YOUR INSTRUCTIONS: Leave out the pictures and output the data verbatim.

RAW DATA:

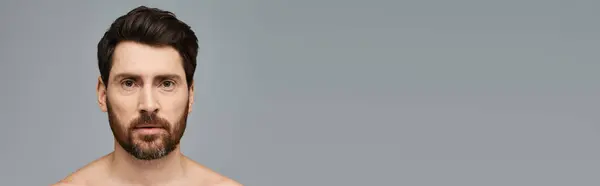 Handsome man with a beard, shirtless, posing confidently — Stock Photo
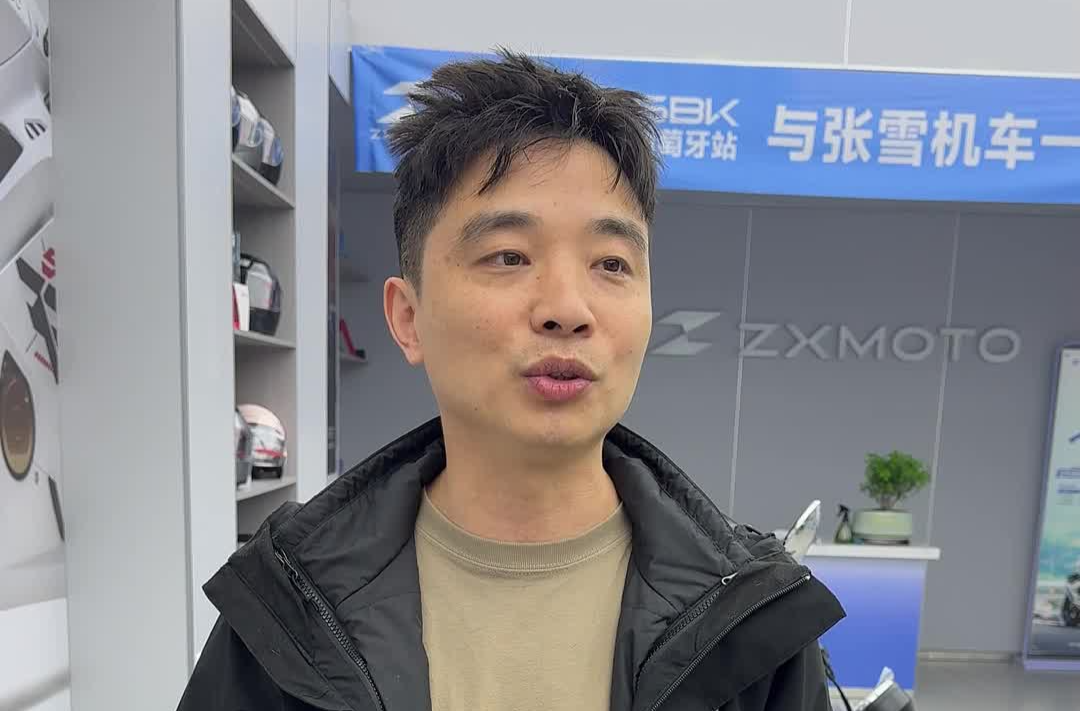张雪机车夺冠后太火了！机车爱好者直言“人品看车品”，门店试驾人气拉满，订单直接排到2个月后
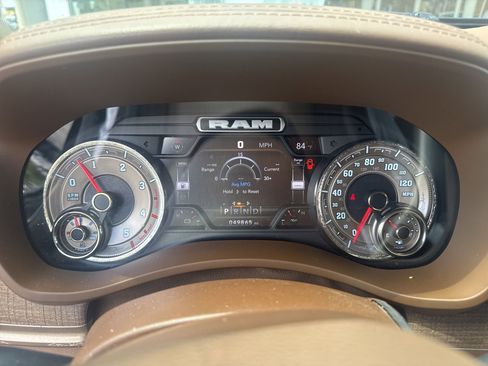 Used 2022 RAM 3500 Limited image 12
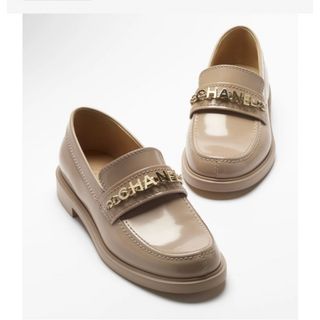 CHANEL - ccターンロック ローファー37☆シャネル☆新品未使用の CHANEL - ccターンロック ローファー37☆シャネル☆新品未使用の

RESULT BELOW:
 Handsome man with a beard, shirtless, posing confidently — Stock Photo
张雪机车夺冠后太火了！机车爱好者直言“人品看车品”，门店试驾人气拉满，订单直接排到2个月后
 Used 2022 RAM 3500 Limited image 12
 CHANEL - ccターンロック ローファー37☆シャネル☆新品未使用の CHANEL - ccターンロック ローファー37☆シャネル☆新品未使用の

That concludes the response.